MATERIAL PROVIDED ->
* * *

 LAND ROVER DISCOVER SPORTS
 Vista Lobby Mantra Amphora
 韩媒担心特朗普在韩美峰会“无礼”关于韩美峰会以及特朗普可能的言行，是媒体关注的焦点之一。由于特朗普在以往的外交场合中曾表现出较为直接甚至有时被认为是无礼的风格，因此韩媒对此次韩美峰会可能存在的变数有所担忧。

* * *

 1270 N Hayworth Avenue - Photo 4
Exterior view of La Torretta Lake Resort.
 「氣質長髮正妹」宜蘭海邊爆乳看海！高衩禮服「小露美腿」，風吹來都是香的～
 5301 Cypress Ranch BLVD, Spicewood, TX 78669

* * *

Above are the records; from them, give again exactly the lines from the one containing "1270 N Hayworth Avenue - Photo 4" to the one containing "5301 Cypress Ranch BLVD, Spicewood, TX 78669", both lines included, and nothing more.

TASK RESPONSE ->
 1270 N Hayworth Avenue - Photo 4
Exterior view of La Torretta Lake Resort.
 「氣質長髮正妹」宜蘭海邊爆乳看海！高衩禮服「小露美腿」，風吹來都是香的～
 5301 Cypress Ranch BLVD, Spicewood, TX 78669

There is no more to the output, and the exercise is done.